Shannon Bewley is an art historian specializing in twentieth-century public sculpture, environmental art, and arts patronage. Drawing on institutional archives, newspaper accounts, and community interviews, her research examines how government agencies, cultural institutions, and local communities shape the commissioning and legacy of public sculpture. Her commitment to public art is rooted in her upbringing in Birmingham, Alabama, where monuments such as the monumental cast-iron Vulcan and the city’s abstract and figurative Civil Rights memorials provided formative experiences for her research and pedagogy. Her scholarship has appeared in Panorama: Journal of the Historians of American Art, Women’s Art Journal, and SEQUITUR.
She earned her PhD in the History of Art & Architecture from Boston University in 2026. Her dissertation, “Earth Artists, Ancient Earthworks, and Land Reclamation Sculpture in the United States from 1965 to 1985,” examines “land reclamation sculpture”: commissions of earthen sculpture that rehabilitated industrial wastelands and abandoned mines, transforming them into sites that function as both public parks and works of art. The project explores the specific social, political, and administrative conditions under which the convergence of federal arts patronage and environmental policy enabled suburban municipal agencies to commission such sculptures from major American artists Robert Smithson, Robert Morris, and Michael Heizer. Although the artists held different views about using art to ameliorate the effects of resource extraction, each incorporated imagery associated with ancient, Native, and Indigenous earthworks into his land reclamation sculptures. The project contextualizes their engagement with these earthworks within histories of archaeological tourism, environmental concern, and American national identity. The artists’ travels to view petroglyphs, burial mounds, performances, and temples in the United States, Mexico, Peru, England, and the Netherlands are considered as reenactments of longstanding settler-colonial traditions of exploration, excavation, and travel writing. Free and publicly accessible today, the resulting land reclamation sculptures illustrate the potential of interdisciplinary public art to provide both aesthetic experiences and community spaces while demonstrating the historical importance of Native and Indigenous earthworks to the development of twentieth-century American art and identity.
Bewley has taught undergraduate courses at Suffolk University, Simmons University, and Boston University. Her courses span visual culture from the Renaissance to the present and foreground gender, postcolonial methodologies, and global exchange. They include writing seminars on Native American and African American art history. Centering diverse and global narratives, her pedagogy emphasizes professional writing skills through assignments that connect art-historical inquiry with students’ lived experiences.

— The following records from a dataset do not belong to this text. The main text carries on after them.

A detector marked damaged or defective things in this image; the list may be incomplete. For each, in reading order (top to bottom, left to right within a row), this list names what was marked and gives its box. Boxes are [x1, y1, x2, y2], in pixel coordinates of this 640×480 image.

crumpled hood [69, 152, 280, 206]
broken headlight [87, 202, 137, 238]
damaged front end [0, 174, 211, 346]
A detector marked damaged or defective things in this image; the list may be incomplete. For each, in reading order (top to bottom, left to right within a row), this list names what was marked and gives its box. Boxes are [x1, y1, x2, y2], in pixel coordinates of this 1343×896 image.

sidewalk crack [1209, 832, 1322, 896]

Bewley’s professional and pedagogical service reflects her commitment to scholarly mentorship, diversity, and inclusion. In 2022, she led the fundraising and organization of the doctoral student symposium African American Art History: Present Coordinates. The symposium featured presentations by five international doctoral candidates and a keynote lecture by Melanee Harvey, introduced by Patricia Hills. Alongside Colleen Foran, Bewley organized the fortieth-anniversary Mary L. Cornille (GRS’87) Graduate Symposium in the History of Art & Architecture in spring 2024. She also served as Senior Editor of SEQUITUR, overseeing the publication of four open-access volumes of the graduate student journal.

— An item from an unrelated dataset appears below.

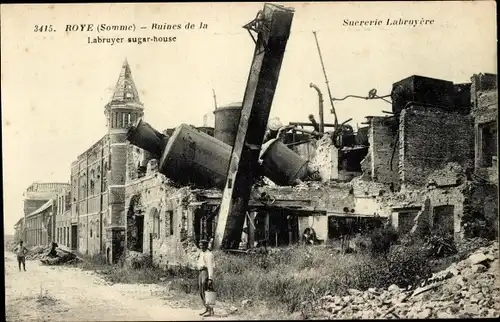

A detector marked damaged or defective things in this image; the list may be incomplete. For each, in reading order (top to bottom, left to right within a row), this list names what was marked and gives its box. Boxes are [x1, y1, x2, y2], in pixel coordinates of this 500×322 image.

broken window [480, 122, 496, 167]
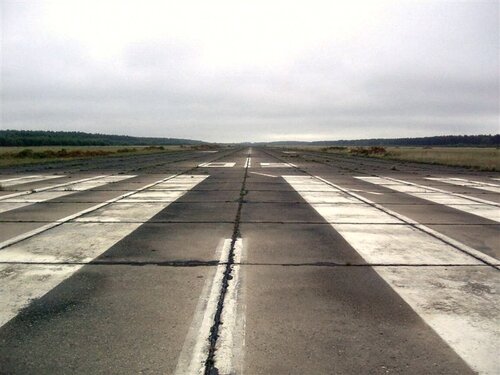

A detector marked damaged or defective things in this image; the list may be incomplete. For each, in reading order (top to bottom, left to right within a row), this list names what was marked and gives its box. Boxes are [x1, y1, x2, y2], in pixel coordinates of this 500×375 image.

cracked asphalt runway [0, 148, 500, 375]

Prior to entering graduate school, Bewley held curatorial, research, and registration roles at her hometown museum, the Birmingham Museum of Art in Alabama. As the museum’s inaugural Provenance Research Fellow, she researched the provenance, publication, and exhibition histories of eighty highlights from its American and European painting collections. Published on the museum’s website, this research expanded and contextualized the histories of the collection for both general audiences and academic researchers. As a Registrar’s Assistant, she managed the digitization and cataloging of more than 1,000 exhibition archives dating from 1951 to 2006. She remains connected to the visual arts in Alabama through her service on the Visual Arts Grant Advisory Panel for the Alabama State Council on the Arts.
Bewley earned a BA in Art History and a BFA in Studio Art (Sculpture) from Auburn University, graduating summa cum laude. Her award-winning studio practice centered on woodworking and welding; photographs of these works appear in this website’s header. For four years, she served as the primary art handler and photographer for more than thirty-five exhibitions at Biggin Gallery in Auburn, Alabama. Her experience as an artist and preparator informs her scholarly attention to the material logistics and interagency coordination required to create public art.